They also disguise those top 3 adwords spots to the point that most people don't understand they are even ads. I've had to explain that these 3 are actually ads to many people in the last year. For all the 'webmaster guidelines' and other propaganda, they are sure leading the way in spammy underhanded site design.
As far as the algo and panda update, this is also in my opinion, absolutely designed with the sole purpose of forcing people to use adwords.
We see obvious signs in the title changing, and other strange ranking behavior. The goal is clearly to make it hard for people to choose which keywords they rank for unless they pay insane cpc prices directly to the big evil.

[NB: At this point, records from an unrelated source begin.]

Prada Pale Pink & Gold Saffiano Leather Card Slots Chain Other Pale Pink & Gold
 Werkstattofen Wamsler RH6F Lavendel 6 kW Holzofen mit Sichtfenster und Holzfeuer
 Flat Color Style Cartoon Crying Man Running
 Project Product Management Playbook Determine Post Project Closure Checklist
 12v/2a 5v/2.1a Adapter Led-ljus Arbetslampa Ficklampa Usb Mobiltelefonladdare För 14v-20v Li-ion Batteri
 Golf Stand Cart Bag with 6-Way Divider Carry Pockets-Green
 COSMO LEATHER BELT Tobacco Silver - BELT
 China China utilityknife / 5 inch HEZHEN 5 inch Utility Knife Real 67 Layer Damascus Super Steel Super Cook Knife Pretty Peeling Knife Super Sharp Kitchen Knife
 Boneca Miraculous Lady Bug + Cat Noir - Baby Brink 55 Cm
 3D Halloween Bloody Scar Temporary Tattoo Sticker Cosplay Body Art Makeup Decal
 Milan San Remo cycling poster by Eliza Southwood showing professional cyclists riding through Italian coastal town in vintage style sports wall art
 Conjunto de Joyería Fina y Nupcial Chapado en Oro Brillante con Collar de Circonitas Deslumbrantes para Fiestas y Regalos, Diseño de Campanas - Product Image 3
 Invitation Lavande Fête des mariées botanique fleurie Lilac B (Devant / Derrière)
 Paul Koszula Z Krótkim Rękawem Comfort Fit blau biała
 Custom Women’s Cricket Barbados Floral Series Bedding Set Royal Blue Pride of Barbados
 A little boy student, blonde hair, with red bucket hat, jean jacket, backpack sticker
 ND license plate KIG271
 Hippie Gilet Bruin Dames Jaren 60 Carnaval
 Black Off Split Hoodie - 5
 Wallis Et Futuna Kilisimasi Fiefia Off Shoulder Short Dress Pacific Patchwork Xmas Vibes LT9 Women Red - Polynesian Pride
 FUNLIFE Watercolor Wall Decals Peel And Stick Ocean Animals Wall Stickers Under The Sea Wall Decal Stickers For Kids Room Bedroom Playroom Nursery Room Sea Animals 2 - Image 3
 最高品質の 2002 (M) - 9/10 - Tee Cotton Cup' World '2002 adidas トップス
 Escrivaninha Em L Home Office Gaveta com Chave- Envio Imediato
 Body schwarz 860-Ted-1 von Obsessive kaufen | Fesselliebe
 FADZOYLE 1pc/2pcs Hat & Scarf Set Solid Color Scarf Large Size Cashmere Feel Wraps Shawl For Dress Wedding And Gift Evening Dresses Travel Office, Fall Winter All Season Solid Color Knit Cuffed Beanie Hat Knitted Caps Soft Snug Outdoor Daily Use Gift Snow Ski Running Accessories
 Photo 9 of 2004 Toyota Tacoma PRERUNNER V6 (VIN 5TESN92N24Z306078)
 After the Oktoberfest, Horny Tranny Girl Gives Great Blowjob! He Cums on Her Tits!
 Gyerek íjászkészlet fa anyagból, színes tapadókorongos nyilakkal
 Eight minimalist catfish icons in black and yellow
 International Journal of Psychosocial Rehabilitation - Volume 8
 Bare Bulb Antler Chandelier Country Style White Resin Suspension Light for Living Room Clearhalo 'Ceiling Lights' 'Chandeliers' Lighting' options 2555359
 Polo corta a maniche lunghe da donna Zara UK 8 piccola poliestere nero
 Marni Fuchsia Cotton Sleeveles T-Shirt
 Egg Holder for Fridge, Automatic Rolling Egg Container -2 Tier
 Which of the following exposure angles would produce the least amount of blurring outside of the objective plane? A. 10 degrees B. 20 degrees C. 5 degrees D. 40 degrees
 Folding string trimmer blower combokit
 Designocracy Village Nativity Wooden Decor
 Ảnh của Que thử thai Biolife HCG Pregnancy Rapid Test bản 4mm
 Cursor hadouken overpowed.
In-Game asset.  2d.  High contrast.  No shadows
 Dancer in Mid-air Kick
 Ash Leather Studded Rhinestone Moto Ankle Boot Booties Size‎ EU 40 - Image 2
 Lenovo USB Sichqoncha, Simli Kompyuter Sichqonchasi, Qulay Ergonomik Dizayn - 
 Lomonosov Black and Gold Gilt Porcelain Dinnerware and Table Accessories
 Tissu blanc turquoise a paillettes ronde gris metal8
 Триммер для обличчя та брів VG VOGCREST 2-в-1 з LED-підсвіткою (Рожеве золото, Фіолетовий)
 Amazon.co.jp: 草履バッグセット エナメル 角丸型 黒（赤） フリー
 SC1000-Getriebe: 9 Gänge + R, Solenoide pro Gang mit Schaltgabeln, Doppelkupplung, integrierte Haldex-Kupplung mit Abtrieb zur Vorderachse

It's as if they're saying:
"If you pay, you can choose your keywords, if you don't pay, we're going to rewrite your titles, choose strange text to display in the serps and rank you for unrelated phrases."
| 11:13 pm on Jul 9, 2011 (gmt 0)|
IMO, very insightful comments, and right on target.
I especially like:
|They've been doing it slowly so people get used to it. |
they are sure leading the way in spammy underhanded site design
"If you pay, you can choose your keywords, if you don't pay, we're going to rewrite your titles, choose strange text to display in the serps and rank you for unrelated phrases."
Each of these perceptive observations are worthy of their own thread.
| 12:13 am on Jul 10, 2011 (gmt 0)|
That's not an insight, in my view. That's a conspiracy theory that doesn't hold any water. In fact, it's a conspiracy theory that's been around since Adwords first launched. The only thing "new" here is the idea that Panda is designed to increase Adwords buys. And that seems way out in left field to me.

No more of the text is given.